TASK DATA Block Start
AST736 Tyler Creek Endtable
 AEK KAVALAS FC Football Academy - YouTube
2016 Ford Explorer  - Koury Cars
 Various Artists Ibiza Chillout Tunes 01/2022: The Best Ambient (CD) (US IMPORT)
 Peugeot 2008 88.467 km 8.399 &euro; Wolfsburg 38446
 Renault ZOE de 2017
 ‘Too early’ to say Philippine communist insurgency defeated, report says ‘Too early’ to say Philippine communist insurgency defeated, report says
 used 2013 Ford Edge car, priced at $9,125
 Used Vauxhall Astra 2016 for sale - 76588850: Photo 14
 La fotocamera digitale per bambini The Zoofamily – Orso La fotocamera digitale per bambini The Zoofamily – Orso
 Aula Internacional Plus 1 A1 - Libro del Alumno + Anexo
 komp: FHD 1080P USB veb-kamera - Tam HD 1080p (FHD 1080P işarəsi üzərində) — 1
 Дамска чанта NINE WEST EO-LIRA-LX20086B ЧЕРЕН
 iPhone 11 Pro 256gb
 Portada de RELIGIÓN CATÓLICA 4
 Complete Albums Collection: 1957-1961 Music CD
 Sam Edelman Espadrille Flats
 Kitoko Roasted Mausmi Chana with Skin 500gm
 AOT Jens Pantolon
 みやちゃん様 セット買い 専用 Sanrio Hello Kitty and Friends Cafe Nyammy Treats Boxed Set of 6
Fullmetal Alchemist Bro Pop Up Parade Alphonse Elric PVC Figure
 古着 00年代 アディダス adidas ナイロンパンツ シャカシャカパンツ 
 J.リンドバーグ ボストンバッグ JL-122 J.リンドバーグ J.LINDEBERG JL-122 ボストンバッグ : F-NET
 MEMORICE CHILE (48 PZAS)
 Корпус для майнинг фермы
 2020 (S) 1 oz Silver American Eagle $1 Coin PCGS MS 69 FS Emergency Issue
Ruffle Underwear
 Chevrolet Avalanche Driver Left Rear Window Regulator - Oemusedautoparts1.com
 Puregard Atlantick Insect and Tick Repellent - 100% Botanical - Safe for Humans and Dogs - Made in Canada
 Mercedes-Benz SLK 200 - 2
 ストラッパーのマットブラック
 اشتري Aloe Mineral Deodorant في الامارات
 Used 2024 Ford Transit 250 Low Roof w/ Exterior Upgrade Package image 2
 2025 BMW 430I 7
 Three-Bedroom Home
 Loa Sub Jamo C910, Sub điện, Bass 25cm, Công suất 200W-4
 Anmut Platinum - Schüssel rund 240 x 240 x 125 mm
TASK DATA Block End
Filter the lines above so that only those with the string "Ford" remain, then copy them.

THE COMPLETED TASK:
2016 Ford Explorer  - Koury Cars
 used 2013 Ford Edge car, priced at $9,125
 Used 2024 Ford Transit 250 Low Roof w/ Exterior Upgrade Package image 2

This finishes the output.